*** Opening of Data for processing ***
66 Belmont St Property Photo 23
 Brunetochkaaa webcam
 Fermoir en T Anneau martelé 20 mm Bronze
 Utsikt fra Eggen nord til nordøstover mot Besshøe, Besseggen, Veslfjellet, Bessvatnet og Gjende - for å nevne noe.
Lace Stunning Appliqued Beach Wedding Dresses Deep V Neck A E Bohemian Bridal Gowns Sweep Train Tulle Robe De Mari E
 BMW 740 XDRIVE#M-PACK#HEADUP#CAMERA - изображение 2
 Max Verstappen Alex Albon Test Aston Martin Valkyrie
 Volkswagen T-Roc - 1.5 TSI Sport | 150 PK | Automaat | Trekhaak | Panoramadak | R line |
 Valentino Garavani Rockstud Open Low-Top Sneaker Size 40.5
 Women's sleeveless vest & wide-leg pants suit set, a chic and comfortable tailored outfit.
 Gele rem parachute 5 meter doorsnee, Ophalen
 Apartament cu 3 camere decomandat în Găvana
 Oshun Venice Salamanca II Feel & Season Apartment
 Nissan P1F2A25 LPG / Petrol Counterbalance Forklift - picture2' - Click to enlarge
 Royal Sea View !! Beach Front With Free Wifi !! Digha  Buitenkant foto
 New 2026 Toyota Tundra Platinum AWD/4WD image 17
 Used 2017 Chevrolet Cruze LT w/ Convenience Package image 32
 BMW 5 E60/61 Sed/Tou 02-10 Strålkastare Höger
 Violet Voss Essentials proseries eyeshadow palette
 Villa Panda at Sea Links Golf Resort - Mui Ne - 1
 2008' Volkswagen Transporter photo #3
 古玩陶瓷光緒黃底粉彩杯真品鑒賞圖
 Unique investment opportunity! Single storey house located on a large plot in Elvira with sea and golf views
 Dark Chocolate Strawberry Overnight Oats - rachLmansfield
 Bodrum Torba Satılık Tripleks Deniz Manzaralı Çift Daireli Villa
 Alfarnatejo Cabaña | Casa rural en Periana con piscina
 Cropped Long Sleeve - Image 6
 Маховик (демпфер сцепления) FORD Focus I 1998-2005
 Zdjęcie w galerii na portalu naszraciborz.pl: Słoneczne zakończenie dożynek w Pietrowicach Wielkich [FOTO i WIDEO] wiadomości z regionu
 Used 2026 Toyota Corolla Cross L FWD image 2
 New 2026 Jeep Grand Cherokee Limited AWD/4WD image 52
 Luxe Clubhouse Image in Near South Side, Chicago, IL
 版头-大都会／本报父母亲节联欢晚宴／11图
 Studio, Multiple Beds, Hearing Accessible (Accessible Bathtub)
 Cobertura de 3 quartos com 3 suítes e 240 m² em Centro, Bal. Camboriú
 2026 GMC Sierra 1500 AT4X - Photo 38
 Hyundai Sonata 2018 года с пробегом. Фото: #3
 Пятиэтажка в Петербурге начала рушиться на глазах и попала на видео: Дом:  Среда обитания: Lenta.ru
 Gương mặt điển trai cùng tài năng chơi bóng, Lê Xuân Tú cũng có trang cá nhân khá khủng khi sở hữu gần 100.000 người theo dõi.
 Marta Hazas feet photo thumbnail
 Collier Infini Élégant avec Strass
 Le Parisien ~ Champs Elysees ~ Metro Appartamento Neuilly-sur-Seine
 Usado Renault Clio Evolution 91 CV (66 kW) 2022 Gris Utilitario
*** Close of Data for processing ***
In the listing above, find the line containing "Fermoir en T Anneau martelé 20 mm Bronze" and the line containing "Violet Voss Essentials", then repeat those two lines and everything between them exactly.

 Fermoir en T Anneau martelé 20 mm Bronze
 Utsikt fra Eggen nord til nordøstover mot Besshøe, Besseggen, Veslfjellet, Bessvatnet og Gjende - for å nevne noe.
Lace Stunning Appliqued Beach Wedding Dresses Deep V Neck A E Bohemian Bridal Gowns Sweep Train Tulle Robe De Mari E
 BMW 740 XDRIVE#M-PACK#HEADUP#CAMERA - изображение 2
 Max Verstappen Alex Albon Test Aston Martin Valkyrie
 Volkswagen T-Roc - 1.5 TSI Sport | 150 PK | Automaat | Trekhaak | Panoramadak | R line |
 Valentino Garavani Rockstud Open Low-Top Sneaker Size 40.5
 Women's sleeveless vest & wide-leg pants suit set, a chic and comfortable tailored outfit.
 Gele rem parachute 5 meter doorsnee, Ophalen
 Apartament cu 3 camere decomandat în Găvana
 Oshun Venice Salamanca II Feel & Season Apartment
 Nissan P1F2A25 LPG / Petrol Counterbalance Forklift - picture2' - Click to enlarge
 Royal Sea View !! Beach Front With Free Wifi !! Digha  Buitenkant foto
 New 2026 Toyota Tundra Platinum AWD/4WD image 17
 Used 2017 Chevrolet Cruze LT w/ Convenience Package image 32
 BMW 5 E60/61 Sed/Tou 02-10 Strålkastare Höger
 Violet Voss Essentials proseries eyeshadow palette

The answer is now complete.